Bewegt sich da was? Thorsten Thaler fordert die demokratische Rechte auf, sich "an einen Mehrheitsdiskurs" anzuschließen. Peter Krause sieht "Linke" und "Rechte" vereint in der "theoretischen Defensive". Die junge freiheit – als rechtsradikales Blatt verschrieen – fragt bei der "Linken" an, was sie "dem Radikalliberalismus, der Herrschaft des technischen Denkens und globalen Normativität des ökonomischen Faktums noch entgegenzusetzen" habe; fragt, für welche Inhalte die "Rechten" stehen, und meint, daß die üblichen Standardantworten nicht mehr weiterhelfen. Es geht also um einen neuen Politikbegriff. Auch die andere Seite setzt Signale: In der taz vom 11. April 1998 schreibt der "Ex-Terrorist" Johann von Rauch: "Wir sind festgefahren im traditionellen Denken und unfähig, das linke Weltbild weiterzuentwickeln". Die Ursache dafür sieht er in der "Vorstellung von einer dualen Welt und der damit verbundenen Ja/Nein-Logik, abgeleitet aus der Mathematik". Genau das meint Peter Krause mit "Herrschaft des technischen Denkens".

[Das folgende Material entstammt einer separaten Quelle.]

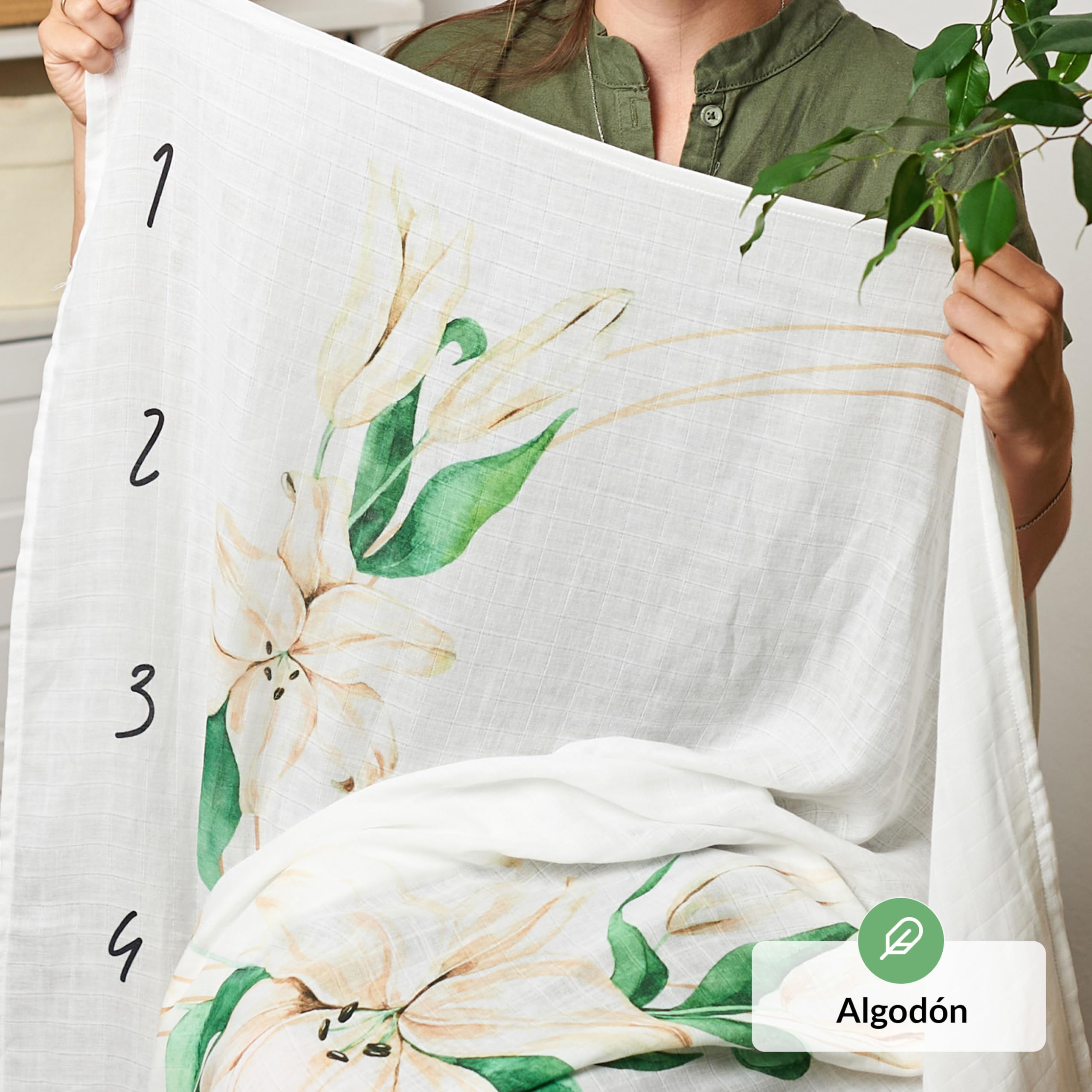 Coperta Mesi Neonato Con Cornici - Tema Fiori E Foglie, 130x100cm, Regalo Baby Shower Personalizzato - Foto 9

Selbstkritisch merkt von Rauch an: "Unser Wahrheitsbegriff führt zum Dogmatismus und Sektierertum, … Aus dem Materialismus wird der American Way of Life oder Lenins Spruch: ‘Machen wir aus der Sowjetunion eine einzige Fabrik’. Die Schwarz/weiß-Logik macht aus uns Menschen oder Schweine, Freund oder Feind, Sieg oder Tod." Mit der Infragestellung der "Herrschaft des technischen Denkens" bzw. der "Ja/nein-Logik" ist das Hauptquartier des Menschenfeindes bombardiert. Wenn wir auf diesem Weg voranschreiten und, wie Thorsten Thaler fordert, eine Gesprächskultur entwickeln, "deren Reifegrad sich vornehmlich in der gleichermaßen streitbaren wie konstruktiven Auseinandersetzung mit Andersdenkenden zeigt", werden wir uns erkennen. Danach werden wir uns nicht mehr feind sein. Wir werden wissen, wer wir sind. Dann wird es nicht schwerfallen, unsere gemeinsame Aufgabe zu sehen: Die über den Globus wabernden Finanzmassen dressieren, indem sie vielerorts Scheinblüten hervortreiben, die Regierungen. Gefangen in einem System der institutionalisierten Korruption, ist die politische Klasse unfähig, das Gemeinwohl vom Gewinnmaximierungsinteresse der privaten Kapitalsammelstellen zu unterscheiden. Skrupellos liefert sie die Volkswirtschaften an ein anonymes und unverantwortliches Geflecht von Spekulanten aus. Neues Denken führt zu Neuer Politik. Sie wird nichts anderes sein als die Befreiung der Idee der Nation aus der babylonischen Gefangenschaft des Zeitgeistes. Die von einem neuen Geist beseelte Nation wird die vermeintlichen Sachzwänge des Marktes brechen und das Leben des Gemeinwesens gegen das Spekulationskapital sichern.